Extracted data entries
* * *
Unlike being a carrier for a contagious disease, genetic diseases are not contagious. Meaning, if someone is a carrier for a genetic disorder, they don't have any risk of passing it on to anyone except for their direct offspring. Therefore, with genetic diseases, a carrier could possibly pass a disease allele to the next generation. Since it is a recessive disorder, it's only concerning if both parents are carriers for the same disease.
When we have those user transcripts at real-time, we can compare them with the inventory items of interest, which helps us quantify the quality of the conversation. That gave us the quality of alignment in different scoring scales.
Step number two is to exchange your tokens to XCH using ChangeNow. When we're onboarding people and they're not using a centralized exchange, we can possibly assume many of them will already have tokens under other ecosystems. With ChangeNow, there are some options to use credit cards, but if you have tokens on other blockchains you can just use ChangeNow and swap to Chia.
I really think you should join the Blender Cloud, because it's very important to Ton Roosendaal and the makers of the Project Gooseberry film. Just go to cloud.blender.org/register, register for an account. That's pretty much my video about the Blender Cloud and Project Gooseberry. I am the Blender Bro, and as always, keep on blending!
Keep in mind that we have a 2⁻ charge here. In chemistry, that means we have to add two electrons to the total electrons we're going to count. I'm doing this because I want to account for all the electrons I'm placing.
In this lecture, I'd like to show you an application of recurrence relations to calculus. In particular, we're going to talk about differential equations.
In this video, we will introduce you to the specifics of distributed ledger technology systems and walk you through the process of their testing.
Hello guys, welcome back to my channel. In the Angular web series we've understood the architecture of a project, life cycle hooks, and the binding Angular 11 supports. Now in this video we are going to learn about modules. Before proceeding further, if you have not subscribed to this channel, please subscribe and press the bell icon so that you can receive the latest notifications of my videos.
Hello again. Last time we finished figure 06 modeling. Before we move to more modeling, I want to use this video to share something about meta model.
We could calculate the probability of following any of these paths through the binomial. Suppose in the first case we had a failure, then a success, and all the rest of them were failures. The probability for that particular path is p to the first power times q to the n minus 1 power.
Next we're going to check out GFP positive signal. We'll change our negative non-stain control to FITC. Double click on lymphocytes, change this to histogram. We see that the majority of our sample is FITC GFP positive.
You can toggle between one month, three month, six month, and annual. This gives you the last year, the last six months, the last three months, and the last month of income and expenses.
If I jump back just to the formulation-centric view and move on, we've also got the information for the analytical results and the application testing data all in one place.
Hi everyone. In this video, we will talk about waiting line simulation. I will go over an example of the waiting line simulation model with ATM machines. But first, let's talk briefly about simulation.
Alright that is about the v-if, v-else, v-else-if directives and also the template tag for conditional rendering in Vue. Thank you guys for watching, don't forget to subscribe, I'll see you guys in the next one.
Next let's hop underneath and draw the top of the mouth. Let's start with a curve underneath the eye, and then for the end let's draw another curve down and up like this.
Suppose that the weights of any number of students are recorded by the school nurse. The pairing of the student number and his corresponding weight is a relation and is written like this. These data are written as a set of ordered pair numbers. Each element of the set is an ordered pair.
* * *
**Problem details**
Among the entries above, which lines include "testing"? List them all.

**Written solution**
In this video, we will introduce you to the specifics of distributed ledger technology systems and walk you through the process of their testing.
If I jump back just to the formulation-centric view and move on, we've also got the information for the analytical results and the application testing data all in one place.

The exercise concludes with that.